Ungrading: What It Is and What It Does
Susan D. Blum, editor of Ungrading: Why Rating Students Undermines Learning (and What to Do Instead), describes ungrading as a movement, part of “an effort to make education more genuine, authentic, effective, engaging, and meaningful” (3). Sounds great, right? But what exactly is it? It’s not lost on me that two years ago on this same site I wrote in earnest about “how to manage the grading caseload” and today I’m writing about “ungrading.” Umm, exsqueeze me? Doesn’t that etymological 180° from grading to ungrading seem like a bit much? How can we just “undo” that? How else can we make sure students know what they need to know? What about the very real and specific requirements of our CORs? Hold up: don’t we still need to do grades?
It’s easy to react to the term all by itself. First, it’s intriguing. It sounds great, too good to be true, and then, kind of scary. So, a definition from Jesse Stommel’s blog: “’Ungrading’ means raising an eyebrow at grades as a systemic practice, distinct from simply ‘not grading’”; ungrading, in other words, doesn’t get rid of the very important work of assessment, but rather “asks us to question our assumptions about what assessment looks like, how we do it, and who it is for” (Stommel 36).
On this blog, those are questions that we keep returning to. You might recall that in Spring 2020, we had a lot going on. While thinking about how to triage our work to be kind to ourselves and our students in a tumultuous time, we asked the following: “Do I have any assignments lined up that are performance-based, and what can I do to make them more learning-based? What assignments would best serve the goals of the class and my students’ learning, right now? What assignments will give me the best opportunities to communicate with my students about how to move forward?”
Two years later, I find myself thinking about these same questions but through a different lens. It’s less about survival, more about living – thriving! It’s not about triage, but about focusing on what really matters: the students, their learning, their lives.
One of the mantras we adopted as a department over these last couple of years is patience and grace, and that’s one thing I won’t ever let myself pivot away from.
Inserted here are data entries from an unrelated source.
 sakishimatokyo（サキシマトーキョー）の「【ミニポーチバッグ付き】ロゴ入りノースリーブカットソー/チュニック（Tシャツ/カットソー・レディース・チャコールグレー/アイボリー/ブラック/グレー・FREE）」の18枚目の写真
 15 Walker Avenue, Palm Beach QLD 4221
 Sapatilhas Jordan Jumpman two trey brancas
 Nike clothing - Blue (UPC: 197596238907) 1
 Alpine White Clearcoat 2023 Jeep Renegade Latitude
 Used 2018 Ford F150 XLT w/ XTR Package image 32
Our students are human beings who deserve kindness always (not just when the world is in crisis), whose learning needs to be prioritized over their performance, and who ought to have learning experiences that are responsive to their needs and their whole human selves.
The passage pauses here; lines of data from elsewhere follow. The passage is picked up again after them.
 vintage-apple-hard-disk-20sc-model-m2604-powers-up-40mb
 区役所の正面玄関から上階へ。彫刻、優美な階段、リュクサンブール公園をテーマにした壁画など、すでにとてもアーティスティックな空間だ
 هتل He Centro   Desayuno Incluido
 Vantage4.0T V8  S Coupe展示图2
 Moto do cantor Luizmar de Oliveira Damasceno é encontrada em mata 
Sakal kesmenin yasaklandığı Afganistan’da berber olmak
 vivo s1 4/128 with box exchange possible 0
One of the main underlying arguments for ungrading is to recover the humanness that once was and still should be at the heart of assessment. Stommel writes how one-room schoolhouses demanded “an incredibly subjective, peer-driven, nontransactional approach to assessment” (25). By contrast, our modern, systematized schools with their “numerical and standardized” grading schema not only reinforce historic and continuing inequities in education but also move us “away from human relationships and care” (Stommel 26). Ungrading, then, is a move to refocus our care and attention on the complex humans with complex contexts that we teach.
Ungrading Practices
What follows is a partial list of ways to ungrade, including some grappling with how we might begin to fold this idea into our more traditional current practices. It’s easy to get stuck wondering how to actually “do” ungrading, but if our goal is equity, we have to consider it. Alfie Kohn writes, “When the how’s of assessment preoccupy us, they tend to chase the why’s back into the shadows” (qtd. In Stommel 36). Remember the why’s, and let’s start with what we know, and go from there.
Peer-Assessment
Hey, colleagues, in English especially, we do this already! When we do peer reviews of essay drafts in my classes, I always try to tell my students how their honest engagement in peer review works on multiple levels: they can demonstrate and practice their knowledge of course concepts, they can help their peers, and through the process, they can also self-assess (another practice of ungrading which Stommel writes about extensively) to know what they need to keep working on in their own assignments. In my classes, this has traditionally been for points, but as Stommel reminds us, peer-assessment doesn’t have to be formal (39). One small way of ungrading could be to allow ourselves to stop assigning points for peer reviews or related assignments. I don’t know about you, but I have done graded peer reviews because there’s that part in my brain that says that students won’t do drafts if they’re not for points, or that students won’t comment seriously on peer reviews unless they are made to. Trust the students to prove you wrong! I have students this semester who want to meet to discuss their drafts even after they got all the points; I have students leaving really detailed and insightful comments on peer drafts because they can; I also know students can come away from peer review with something if they don’t have a draft with them that day. There’s learning happening, and I’m going to get out of their way.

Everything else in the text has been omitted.